We are a commune of inquiring, skeptical, politically centrist, capitalist, anglophile, traditionalist New England Yankee humans, humanoids, and animals with many interests beyond and above politics. Each of us has had a high-school education (or GED), but all had ADD so didn't pay attention very well, especially the dogs. Each one of us does "try my best to be just like I am," and none of us enjoys working for others, including for Maggie, from whom we receive neither a nickel nor a dime. Freedom from nags, cranks, government, do-gooders, control-freaks and idiots is all that we ask for.
I believe that I was the Psychiatrist who coined the term "psycho-utopianism." It is the delusional notion, analogous to political and social utopia, that if people could just get enough therapy or analysis, things would happen to perfect a life. Well, it is possible sometimes in some ways for a person's life to improve, but it's a tough world and reality is a harsh master.
Political and social utopian delusions hold that, if the world were correctly organized by the right people (our moral and intellectual superiors), something wonderful would happen, human nature would change. Universal contentment or something like that would ensue. Brave New World.
Ideas about religious utopias of sorts are something I can buy into. Not 72 virgins, or becoming sublime starlight (although I suppose we are, in a sense). The Christian Kingdom of God can and does exist, not the child-like version of heaven and not a theocracy of Christians but the dominion of God in one's heart and soul not after death, but today. The Hereafter is another topic.
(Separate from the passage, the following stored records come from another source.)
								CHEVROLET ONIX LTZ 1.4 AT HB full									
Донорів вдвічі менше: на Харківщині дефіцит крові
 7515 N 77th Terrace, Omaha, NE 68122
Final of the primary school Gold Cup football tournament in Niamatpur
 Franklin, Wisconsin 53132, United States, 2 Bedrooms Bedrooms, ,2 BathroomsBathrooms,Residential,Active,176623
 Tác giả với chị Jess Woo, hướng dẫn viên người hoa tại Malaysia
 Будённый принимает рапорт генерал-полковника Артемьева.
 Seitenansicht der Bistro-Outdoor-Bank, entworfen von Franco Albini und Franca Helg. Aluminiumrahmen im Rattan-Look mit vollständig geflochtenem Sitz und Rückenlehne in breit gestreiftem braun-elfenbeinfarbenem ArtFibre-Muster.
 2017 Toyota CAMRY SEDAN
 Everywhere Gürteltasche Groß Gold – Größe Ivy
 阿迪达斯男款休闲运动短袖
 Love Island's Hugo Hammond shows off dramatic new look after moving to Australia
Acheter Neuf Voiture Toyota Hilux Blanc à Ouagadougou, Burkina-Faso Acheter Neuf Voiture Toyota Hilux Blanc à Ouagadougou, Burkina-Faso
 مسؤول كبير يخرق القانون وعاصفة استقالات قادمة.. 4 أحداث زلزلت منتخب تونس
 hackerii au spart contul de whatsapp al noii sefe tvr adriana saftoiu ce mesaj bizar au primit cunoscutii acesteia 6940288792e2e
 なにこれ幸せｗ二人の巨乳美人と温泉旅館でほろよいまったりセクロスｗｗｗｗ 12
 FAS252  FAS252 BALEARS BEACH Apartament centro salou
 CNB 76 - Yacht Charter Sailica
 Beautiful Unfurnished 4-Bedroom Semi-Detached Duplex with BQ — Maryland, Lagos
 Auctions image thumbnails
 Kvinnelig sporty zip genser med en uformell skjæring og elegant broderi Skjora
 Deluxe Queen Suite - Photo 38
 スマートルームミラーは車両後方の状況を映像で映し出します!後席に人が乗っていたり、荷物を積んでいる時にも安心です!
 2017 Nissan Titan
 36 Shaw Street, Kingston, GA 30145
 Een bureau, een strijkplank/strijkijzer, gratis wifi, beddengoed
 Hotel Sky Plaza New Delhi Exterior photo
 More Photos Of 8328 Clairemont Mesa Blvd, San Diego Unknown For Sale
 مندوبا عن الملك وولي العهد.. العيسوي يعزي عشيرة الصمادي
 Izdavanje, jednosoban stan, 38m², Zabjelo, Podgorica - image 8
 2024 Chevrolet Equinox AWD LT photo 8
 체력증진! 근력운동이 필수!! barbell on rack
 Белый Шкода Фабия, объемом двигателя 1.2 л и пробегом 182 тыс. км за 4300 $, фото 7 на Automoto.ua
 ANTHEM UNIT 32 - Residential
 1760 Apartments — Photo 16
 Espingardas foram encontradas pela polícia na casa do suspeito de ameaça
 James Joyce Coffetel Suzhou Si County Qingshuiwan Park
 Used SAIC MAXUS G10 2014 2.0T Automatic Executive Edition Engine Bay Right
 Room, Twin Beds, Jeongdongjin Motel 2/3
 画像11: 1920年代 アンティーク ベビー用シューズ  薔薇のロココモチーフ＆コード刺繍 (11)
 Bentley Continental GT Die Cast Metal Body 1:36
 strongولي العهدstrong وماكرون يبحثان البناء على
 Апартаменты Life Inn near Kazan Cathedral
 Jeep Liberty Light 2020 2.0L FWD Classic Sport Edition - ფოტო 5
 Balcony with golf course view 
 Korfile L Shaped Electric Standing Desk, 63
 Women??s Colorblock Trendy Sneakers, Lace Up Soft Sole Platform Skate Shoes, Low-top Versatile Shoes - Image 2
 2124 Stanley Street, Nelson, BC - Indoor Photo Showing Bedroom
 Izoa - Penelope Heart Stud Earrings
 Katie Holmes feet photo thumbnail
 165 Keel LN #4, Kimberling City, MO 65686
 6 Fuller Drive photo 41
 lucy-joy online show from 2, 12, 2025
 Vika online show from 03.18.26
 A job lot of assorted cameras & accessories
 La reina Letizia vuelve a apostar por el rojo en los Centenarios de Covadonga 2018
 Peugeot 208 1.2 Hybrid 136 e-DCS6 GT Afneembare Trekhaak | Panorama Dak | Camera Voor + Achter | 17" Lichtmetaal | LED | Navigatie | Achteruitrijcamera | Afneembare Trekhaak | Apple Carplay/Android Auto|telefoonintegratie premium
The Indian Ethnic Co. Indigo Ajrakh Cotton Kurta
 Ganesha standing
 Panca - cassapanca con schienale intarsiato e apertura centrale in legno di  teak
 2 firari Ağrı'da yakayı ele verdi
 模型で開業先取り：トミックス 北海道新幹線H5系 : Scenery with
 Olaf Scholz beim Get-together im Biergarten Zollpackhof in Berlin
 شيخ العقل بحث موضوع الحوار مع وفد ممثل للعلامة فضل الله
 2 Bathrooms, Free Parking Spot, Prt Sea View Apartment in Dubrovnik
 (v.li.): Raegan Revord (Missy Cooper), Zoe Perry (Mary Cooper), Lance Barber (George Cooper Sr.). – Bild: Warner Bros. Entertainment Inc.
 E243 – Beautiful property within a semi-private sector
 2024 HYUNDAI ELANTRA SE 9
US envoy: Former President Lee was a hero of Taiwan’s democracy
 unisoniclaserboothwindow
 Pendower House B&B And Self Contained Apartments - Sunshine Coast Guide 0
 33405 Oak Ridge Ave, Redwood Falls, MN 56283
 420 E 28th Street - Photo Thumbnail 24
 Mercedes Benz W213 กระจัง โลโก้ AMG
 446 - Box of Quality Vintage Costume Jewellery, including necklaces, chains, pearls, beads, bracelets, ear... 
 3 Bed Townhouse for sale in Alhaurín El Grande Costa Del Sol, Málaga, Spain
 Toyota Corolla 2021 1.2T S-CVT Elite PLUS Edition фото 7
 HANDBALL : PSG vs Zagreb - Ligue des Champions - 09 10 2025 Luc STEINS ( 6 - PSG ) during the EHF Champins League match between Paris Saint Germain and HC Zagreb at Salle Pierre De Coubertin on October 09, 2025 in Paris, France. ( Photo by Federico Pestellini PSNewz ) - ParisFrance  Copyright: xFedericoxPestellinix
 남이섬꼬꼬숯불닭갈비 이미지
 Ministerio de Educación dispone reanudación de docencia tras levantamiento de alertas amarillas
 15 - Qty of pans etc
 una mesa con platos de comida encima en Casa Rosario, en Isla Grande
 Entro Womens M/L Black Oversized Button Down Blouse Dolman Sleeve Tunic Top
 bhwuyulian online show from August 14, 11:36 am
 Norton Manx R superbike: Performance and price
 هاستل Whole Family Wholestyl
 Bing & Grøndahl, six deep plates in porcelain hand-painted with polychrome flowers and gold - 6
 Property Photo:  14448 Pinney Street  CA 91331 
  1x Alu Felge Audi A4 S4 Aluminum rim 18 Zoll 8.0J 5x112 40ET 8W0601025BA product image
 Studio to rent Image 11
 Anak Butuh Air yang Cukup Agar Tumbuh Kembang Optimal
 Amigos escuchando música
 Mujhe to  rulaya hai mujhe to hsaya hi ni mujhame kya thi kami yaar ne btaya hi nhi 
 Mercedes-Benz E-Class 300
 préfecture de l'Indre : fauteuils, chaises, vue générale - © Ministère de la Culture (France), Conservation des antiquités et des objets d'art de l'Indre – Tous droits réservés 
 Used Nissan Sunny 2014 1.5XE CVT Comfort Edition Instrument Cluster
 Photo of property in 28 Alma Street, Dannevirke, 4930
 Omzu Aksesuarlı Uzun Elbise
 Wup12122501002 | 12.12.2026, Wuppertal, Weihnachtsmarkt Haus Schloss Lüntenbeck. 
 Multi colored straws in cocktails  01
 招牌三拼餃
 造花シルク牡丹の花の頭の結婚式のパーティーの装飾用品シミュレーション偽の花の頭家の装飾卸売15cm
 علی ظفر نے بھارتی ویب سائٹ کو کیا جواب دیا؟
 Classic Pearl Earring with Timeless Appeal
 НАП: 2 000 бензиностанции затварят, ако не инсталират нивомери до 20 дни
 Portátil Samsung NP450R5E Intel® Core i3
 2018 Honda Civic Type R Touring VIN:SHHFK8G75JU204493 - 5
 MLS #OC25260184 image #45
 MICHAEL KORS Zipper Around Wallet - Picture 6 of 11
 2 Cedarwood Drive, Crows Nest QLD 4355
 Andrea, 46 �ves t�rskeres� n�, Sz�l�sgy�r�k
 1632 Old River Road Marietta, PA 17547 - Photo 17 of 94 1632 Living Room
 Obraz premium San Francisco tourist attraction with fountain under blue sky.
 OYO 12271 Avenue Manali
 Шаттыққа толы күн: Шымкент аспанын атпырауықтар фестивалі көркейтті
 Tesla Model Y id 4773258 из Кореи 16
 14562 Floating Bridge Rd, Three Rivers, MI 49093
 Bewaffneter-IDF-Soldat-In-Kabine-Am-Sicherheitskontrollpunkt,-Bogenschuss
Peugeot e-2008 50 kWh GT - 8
Life is a struggle. But I have meandered far off track.
Neuro-utopianism is the fantasy that, if the brain matter itself could be fully understood, life could be peaches and cream and everybody would be nice people or never crazy or neurotic or destructive because the very heart and soul could be dissected and repaired. Repaired, based on whose idea?
While raised Catholic, I've always been partial to Eastern lifestyles, which recognize that good is intertwined with bad - that opposites define each other.
How good would the world be if we were all exactly alike, and all perfectly good? I'm not sure it would be very interesting and we'd all likely be quite bored. But happy and unconcerned or worried about things in general.
Similarly, wealth (of any kind) is only discernable by the very existence of 'lack of' anything. A wealth of kindness is recognizable only in comparison to the possibility that someone is utterly without kindness.
Utopianism, however, isn't necessarily impossible. It's just a matter of how you define it.
Complete and utter freedom and a lack of intervention from others in yours or anyone else's life would leave you relatively free to do as you please (within limits, being not permitted to interfere in the lives of others or injuring others, for example).
This would not be "Utopia" in the sense of unicorns, chocolate rivers and fluffy bunnies. But it would be in the sense that people could, relatively, live lives unencumbered by the possiblity of being told how to live their lives, or having others legally exerting power over them.
Sure, death, theft, and various other bad things would continue to occur - but life is not without risks, nor should we hope to have no risk.